Three of the birds saved at the International Centre for Birds of Prey (ICBP) in Newent are ‘endangered’ Cape vultures, and delighted staff now hope to be able to breed from them to reintroduce their offspring to the wild.
The drama started on June 26 last year, when the centre received a call from Border Force officers at Heathrow Airport that a smuggler had been caught arriving from Johannesburg with 19 rare birds eggs worth up to £100,000 strapped to his body.
Bird curator Holly Cale and operations manager Adam Bloch rushed to Heathrow with incubators and brooders to try and save the birds, and found that two had already hatched by the time they arrived.

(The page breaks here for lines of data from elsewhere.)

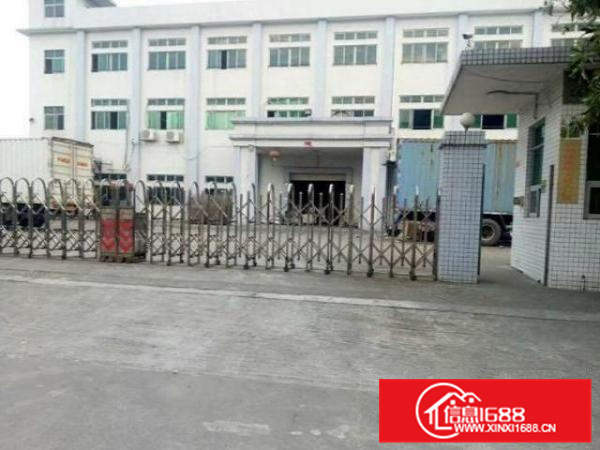 松岗新西村楼上650平厂房招租带电梯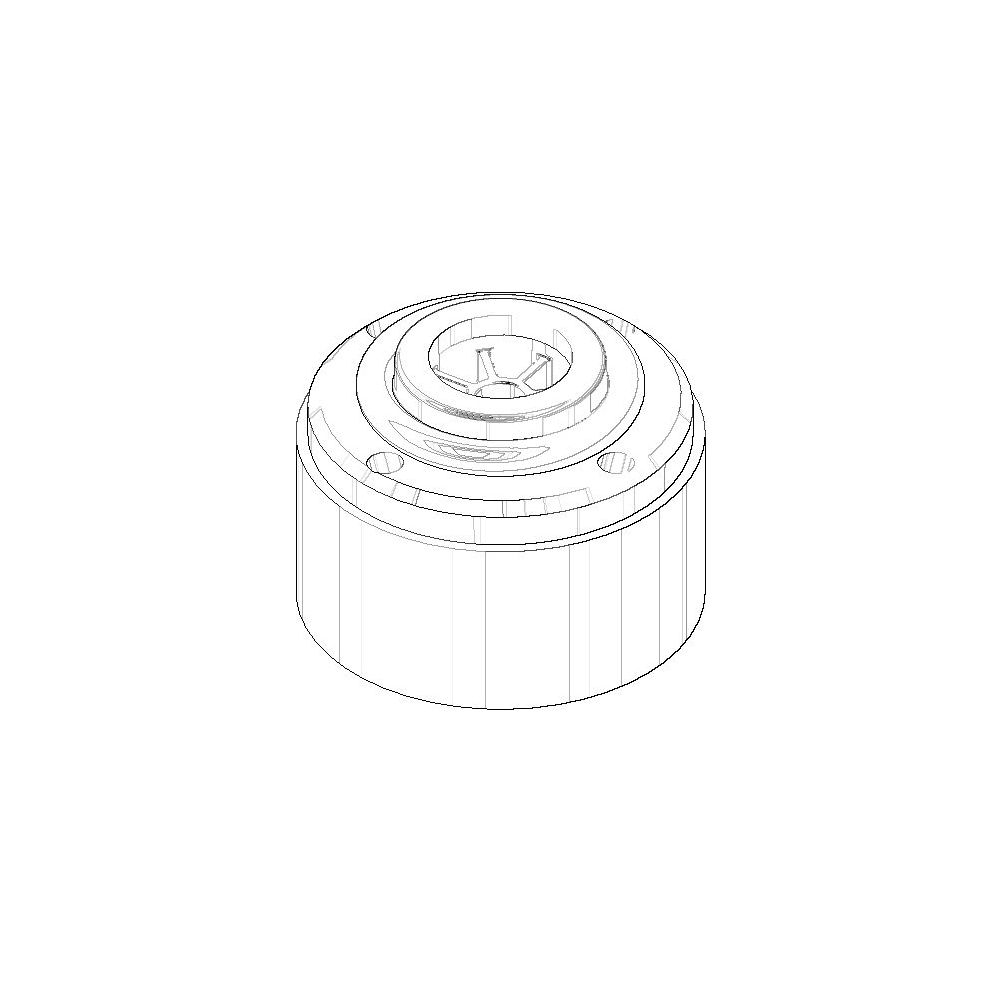 Dornbracht Strahlregler Ersatzteile 90230112700 24x12mm platin matt... DORNBRACHT-90230112700-06 4029011676215 (Abb. 1)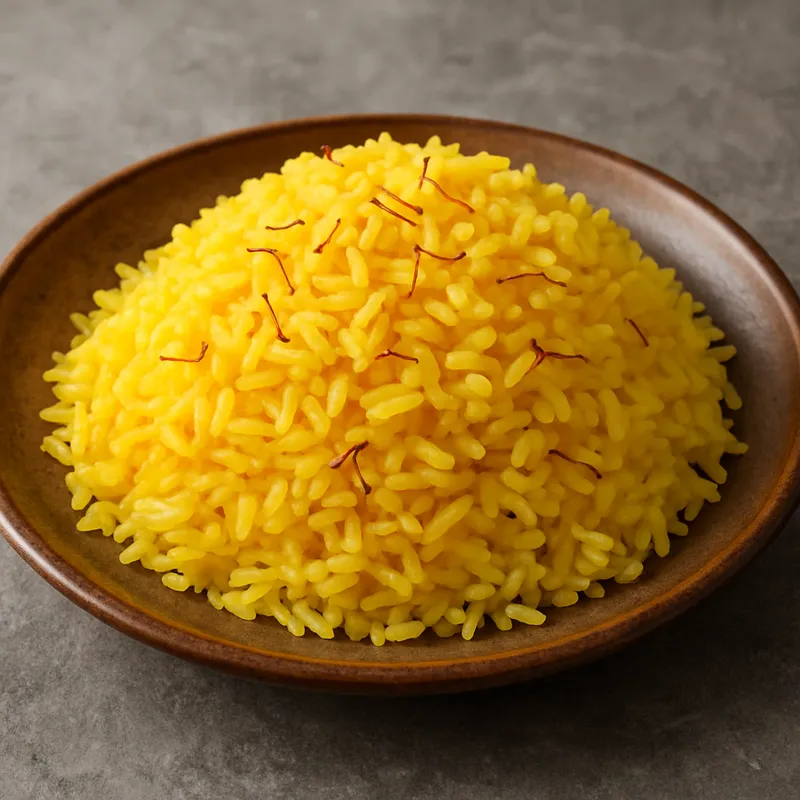 Safranli Pilav (Safranreis)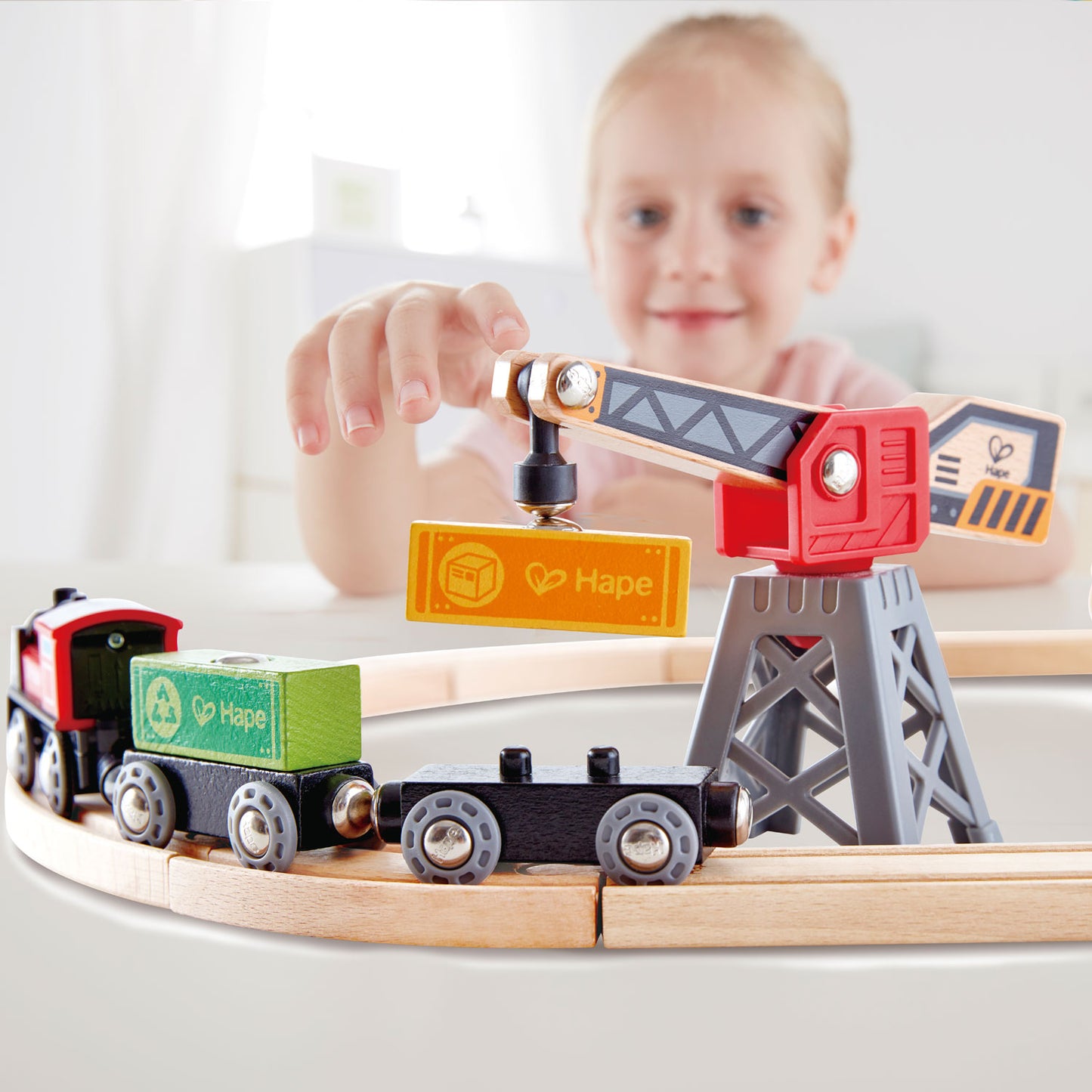 Cargo Delivery Loop Train Set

And nearly eight months later, after unstinting care and nurturing, the centre has reopened after its winter break by unveiling its 17 healthy new additions.
Egg smuggler Jeffrey Lendrum, a 57-year-old ‘SAS-trained wildlife hunter’, was jailed last month for 37 months following a court case where ICBP director Jemima Parry-Jones appeared as an expert witness.
Snaresbrook Crown Court heard last month that Lendrum sparked suspicion when he arrived at Heathrow wearing a heavy jacket in very warm conditions.
A search revealed that underneath he was wearing a body belt concealing 19 protected bird eggs, which Border Force specialist officers identified as protected under the Convention on International Trade in Endangered Species (CITES).
Lendrum, who has previous convictions for similar offences in Canada, Brazil and Africa, claimed it was his intention to rescue the eggs after he saw men chopping down trees containing their nests.
But he changed his plea in court to guilty to attempting to import the eggs after experts stated that some of them were from birds that nest in cliffs.
Lendrum was jailed for 18 months in 2010 after he was stopped at Birmingham Airport trying to smuggle 14 eggs taken from peregrine falcon nests in the Rhondda Valley in South Wales.
In October 2015, Lendrum was jailed for four and a half years in Sao Paolo, Brazil, after he was found carrying rare albino falcon eggs worth up to £64,000.
He fled Brazil while on bail and may face an extradition request after serving his sentence in the UK.